And because you can use cuts and IO, the search strategy must remain what it is. It's an ouroboros. A snake eating its own tail. This enforced search strategy makes Prolog a poor declarative language (despite all the neat parlor tricks you can do with it).
Why? As we climb the abstraction ladder, we relinquish control. This is a double-edged sword. We can express problems orders of magnitude more succinctly, but we must trust the machine to arrive at the solution efficiently and with limited guidance.
For example, C might be considered low level in comparison to most languages, but it is extremely high level compared to assembly.
C compilers can generate efficient machine code precisely because certain details are abstracted away: register allocation, function inlining, loop unrolling, constant-folding, dead-code elimination, etc.
These are only possible thanks to various higher-level concepts being available (variables, constants, functions, loops, conditionals, etc.) and lower-level concepts being unavailable (e.g., unrestricted goto). You have inline assembly, but it's restricted to function bodies, and you have to tell the compiler which registers you touch, or you'd prevent it from applying many optimizations entirely.
Many of the supposedly higher-level languages (like Java, C#, etc.), aren't really higher-level than C. You can express the same things in C, just slightly more verbose. Garbage Collection? You can bolt a garbage collector to C. Generators (yield)? I can implement that with macros. Generics? If void* is too cumbersome, a template file and some include tricks is a few lines of code away. They're just a pile of admittedly nice conveniences.
A pure functional language though? That could allow us to go a level higher. It's not the pattern matching or the higher order functions, however, those are still things C can express.
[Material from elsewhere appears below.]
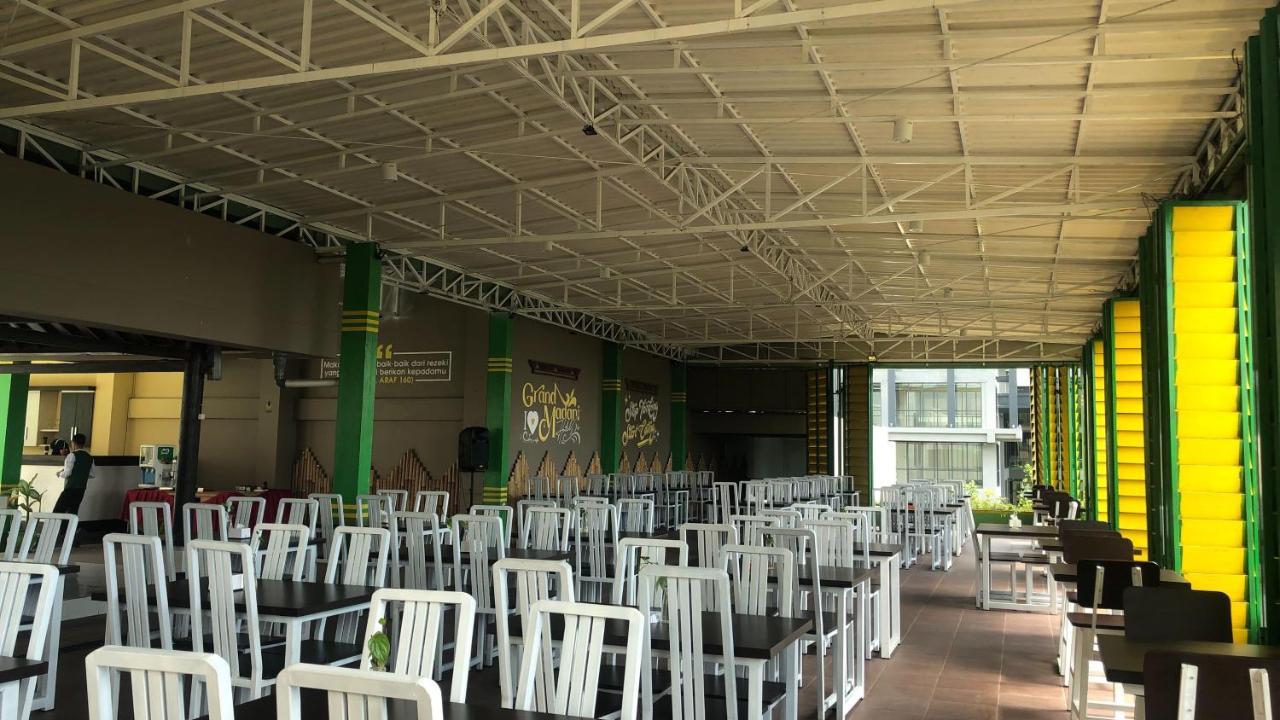 Grand Madani Hotel Mataram Dış mekan fotoğraf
No, the key is the referential transparency and lack of sequencing. Referential transparency means order of execution no longer matters. And if order of execution no longer matters, then we can parallelize everything.
We don't have a good strategy for automating this in a compiler yet, but the capability is there. Large scale MapReduce is only possible because we've abstracted away loops into those higher-level operations (map & reduce) calling referentially transparent functions.
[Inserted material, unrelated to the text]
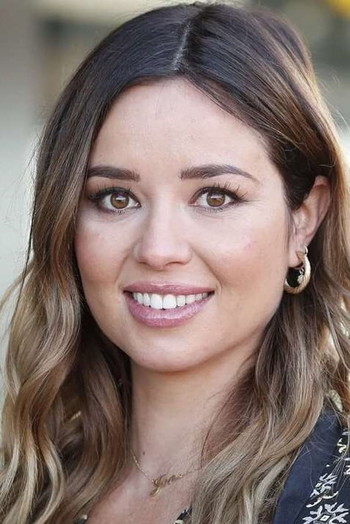 Photo of actress Dafne Fernández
Prolog didn't relinquish enough control. We can't express certain problems without resorting to weird dances to appease the poor search algorithm, same as how I might have to contort the way I write a C program so the compiler can vectorize the code.
If we relinquish enough control to arrive at Datalog (not even Turing-complete), we can make use of all the tools available to the relational model. The sort of dynamic query planning and optimization database engines use. A human can write a better query plan than a database engine, but a human cannot write a tailored query plan every few microseconds.
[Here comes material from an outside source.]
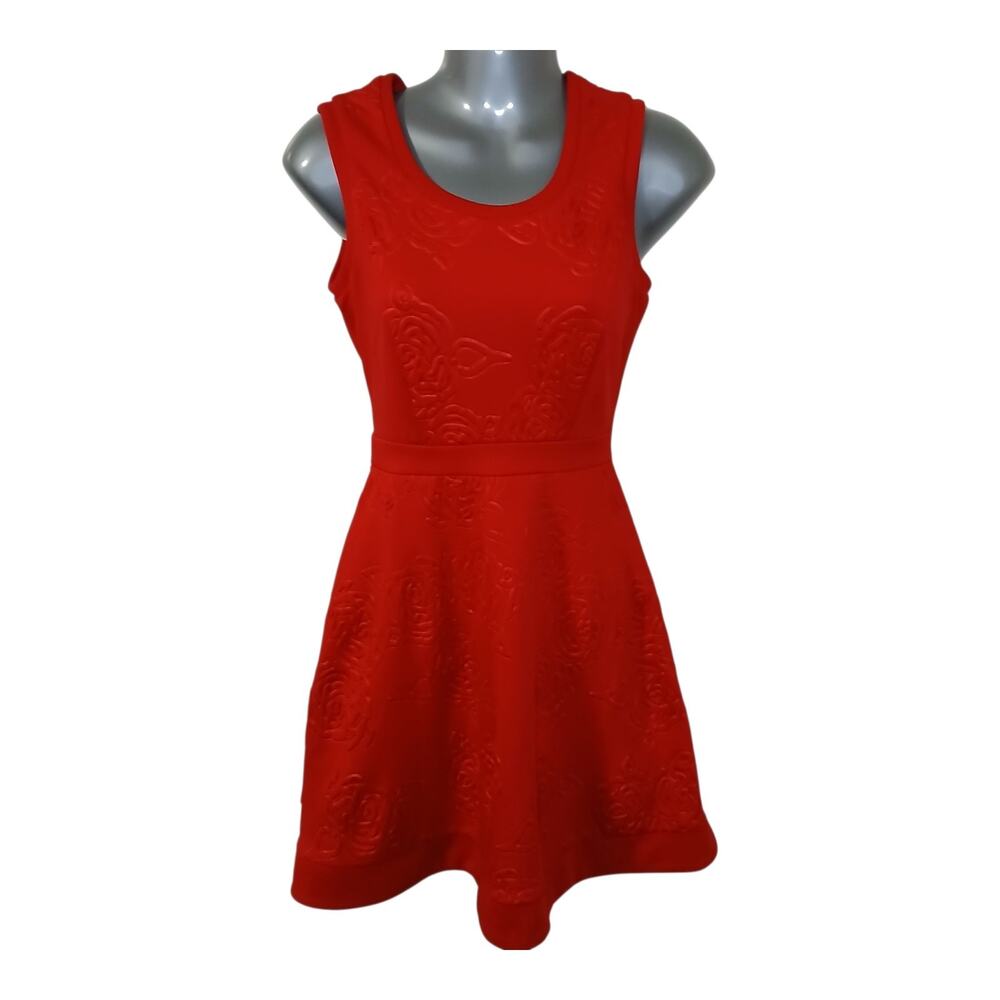 L’Amour Nanette Lepore Red Dress Small Embossed Floral Valentine’s Day Prom HOCO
In Datalog I don't have to worry much about how I write my rules. I can have them be mutually recursive, I can have multiple rules with the same pattern in the head, I can write the body in a really inefficient order. A Datalog engine is free to optimize all of that out. I can't use higher-order predicates, but I can in ASP, which also has massively more efficient search than Prolog.
Even in other Turing-complete logic programming languages, like Mercury and Curry, I have a lot more freedom in how I express the problem because they have the freedom to optimize the code in a way that allows the solution to be arrived at efficiently. Curry can guarantee a solution will be arrived at if one exists, Prolog cannot.
The extra-logical control Prolog provides (like cuts) only serves as a tool to work around the poor search algorithm it uses, one it cannot change because of the control it gives. To me it's just an evolutionary dead-end, albeit one of great historical importance.
The wall of text is fine, but I am not convinced. If you really have a real-life, practical problem with cuts, then your comment fails to articulate it, because I didn't understand what it is meant to be. If it is a matter of aesthetics - higher order languages look prettier and we could, in theory (but not in practice) parallelise them - then I don't care about that. Aesthetics has no place in pragmatic considerations like the amount of resources you really need, to be able to use a language. Case in point:
>> We don't have a good strategy for automating this in a compiler yet, but the capability is there
And it's been "there" since the 1960s, but it's still not here. Looks pretty on paper, doesn't work on metal. Close, but no cigar.
>> They both exist because a Prolog implementation is intimately tied to a specific search strategy.
That is not right. There are different execution stategies for Prolog, other than DFS. In fact, Datalog's bottom-up evaluation with a TP-operator, is one of those: you can apply it to Polog programs just fine, except without the nice termination guarantees; but then, Church-Turing thesis.
Another execution strategy is SLG-Resolution with tabulation, a.k.a. tabling, which I mentioned in my other comment. I copy the link to SWI-Prolog's implementation here again:
https://www.swi-prolog.org/pldoc/man?section=tabling
Tablng is as old as nails in the Prolog community [1]. Besides which there is a ton of computer science knowledge you can bring to bear on the problem of avoiding non-termination, or unnecessary backtacking. If that is, indeed, the problem. Like I say, I don't understand from your comment what is your real-life, real-world, practical problem with using cuts.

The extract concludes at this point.